▼▼▼
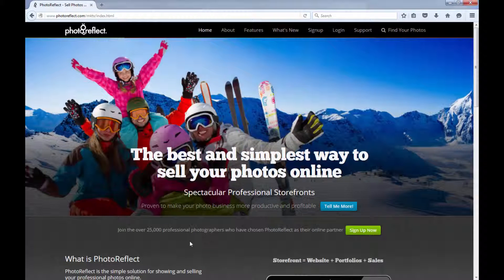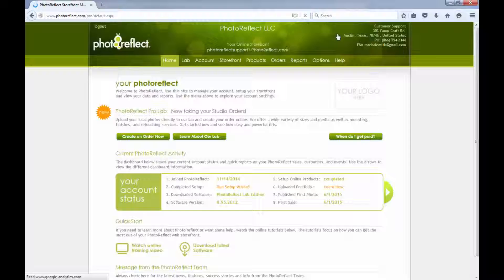Color Effects is a Photo Reflect feature that can enhance the ordering options for your customer. Here are a few points to consider when using this feature.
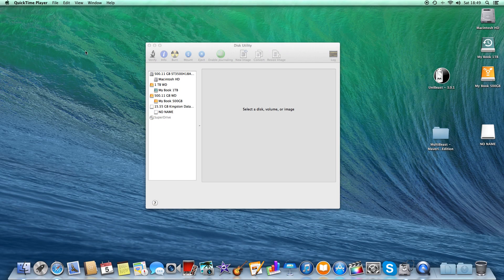Hi YouTube, welcome to the third part of our Hackintosh build. In this episode we will be installing the software and creating the bootable USB stick to install Mac OS X.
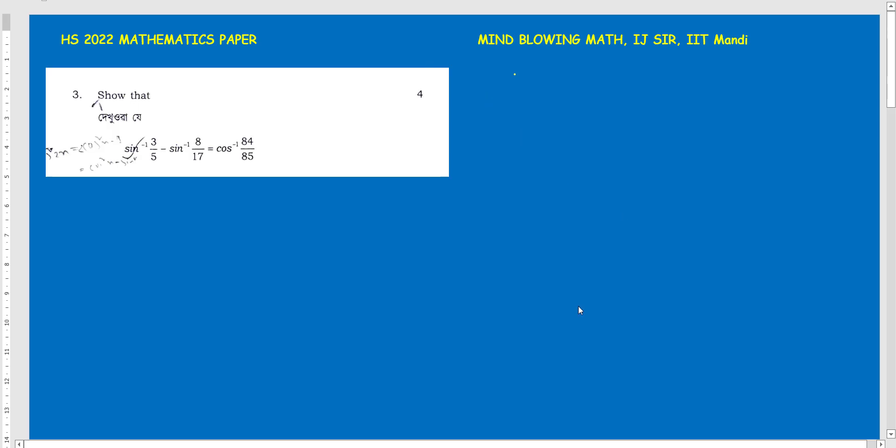Hello everyone, welcome to Mind Blowing Math. Today I am going to talk about problem solving in the inverse trigonometry sector.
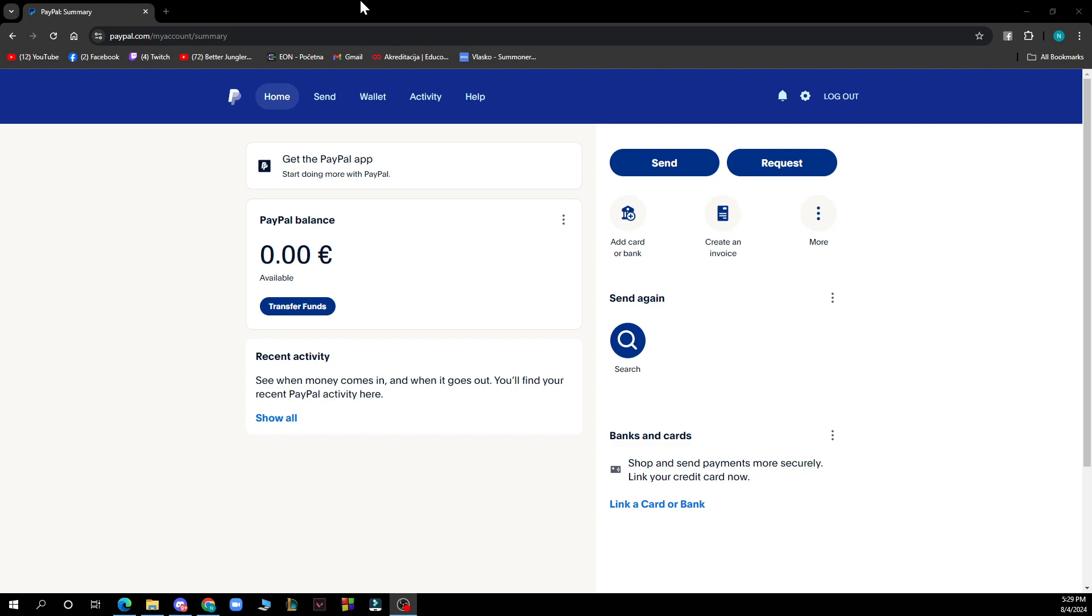After that you just need to go and log in to your profile or if you don't have one you can always go and register to PayPal. But now let's see what we actually have in front of us here.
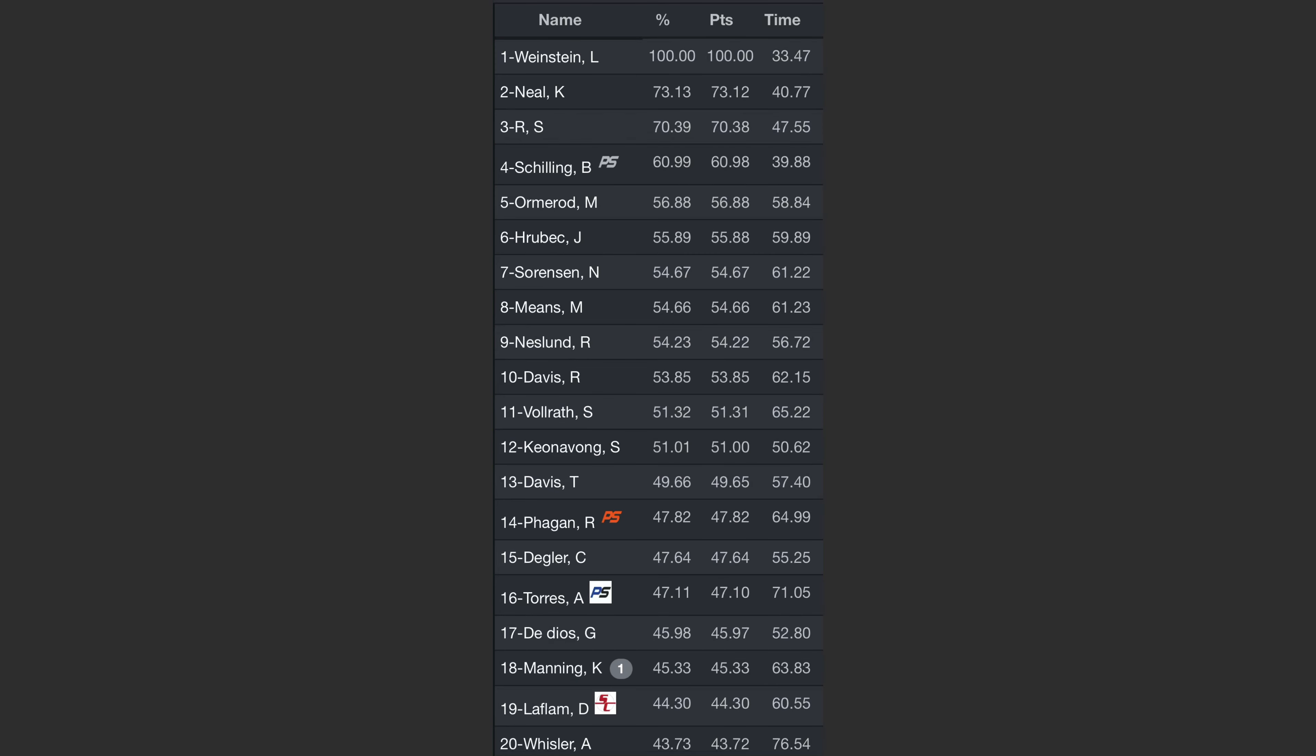I'm 14th on this stage with 47.82% of the winner's score.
▲▲▲
_Exercise objective_
Output every entry exactly. Pictures stay out.

_Answer space_
Color Effects is a Photo Reflect feature that can enhance the ordering options for your customer. Here are a few points to consider when using this feature.
Hi YouTube, welcome to the third part of our Hackintosh build. In this episode we will be installing the software and creating the bootable USB stick to install Mac OS X.
Hello everyone, welcome to Mind Blowing Math. Today I am going to talk about problem solving in the inverse trigonometry sector.
After that you just need to go and log in to your profile or if you don't have one you can always go and register to PayPal. But now let's see what we actually have in front of us here.
I'm 14th on this stage with 47.82% of the winner's score.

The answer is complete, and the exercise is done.